→ **DIRECTIONS FOR THIS TASK**:
Filter the listing below down to the lines containing the word "Multi".

→ **DATA PROVIDED**:
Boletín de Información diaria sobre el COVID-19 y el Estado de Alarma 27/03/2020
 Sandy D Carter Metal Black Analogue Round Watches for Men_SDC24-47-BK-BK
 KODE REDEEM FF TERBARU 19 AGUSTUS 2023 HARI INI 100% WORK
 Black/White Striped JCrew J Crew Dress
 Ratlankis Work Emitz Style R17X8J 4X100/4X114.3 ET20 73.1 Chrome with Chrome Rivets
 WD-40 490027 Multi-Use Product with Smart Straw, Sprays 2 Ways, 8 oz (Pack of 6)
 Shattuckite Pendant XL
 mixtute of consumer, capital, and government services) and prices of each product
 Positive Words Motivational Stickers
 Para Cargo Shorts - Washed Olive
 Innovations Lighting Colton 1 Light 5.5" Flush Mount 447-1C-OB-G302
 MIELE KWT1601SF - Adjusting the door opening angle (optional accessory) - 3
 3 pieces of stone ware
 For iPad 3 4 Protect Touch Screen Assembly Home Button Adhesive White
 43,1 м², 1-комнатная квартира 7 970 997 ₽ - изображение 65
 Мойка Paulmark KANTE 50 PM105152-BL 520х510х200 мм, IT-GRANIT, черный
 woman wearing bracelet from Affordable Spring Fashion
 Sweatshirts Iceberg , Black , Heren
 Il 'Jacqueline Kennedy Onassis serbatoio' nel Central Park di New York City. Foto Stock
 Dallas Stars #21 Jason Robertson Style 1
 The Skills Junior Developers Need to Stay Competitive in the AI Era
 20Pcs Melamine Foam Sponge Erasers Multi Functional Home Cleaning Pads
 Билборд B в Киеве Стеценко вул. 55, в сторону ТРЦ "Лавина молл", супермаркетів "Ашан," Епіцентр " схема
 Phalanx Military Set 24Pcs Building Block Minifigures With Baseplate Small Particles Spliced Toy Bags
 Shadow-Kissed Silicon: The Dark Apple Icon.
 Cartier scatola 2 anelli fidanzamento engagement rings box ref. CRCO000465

→ **RESULT BELOW**:
 WD-40 490027 Multi-Use Product with Smart Straw, Sprays 2 Ways, 8 oz (Pack of 6)
 20Pcs Melamine Foam Sponge Erasers Multi Functional Home Cleaning Pads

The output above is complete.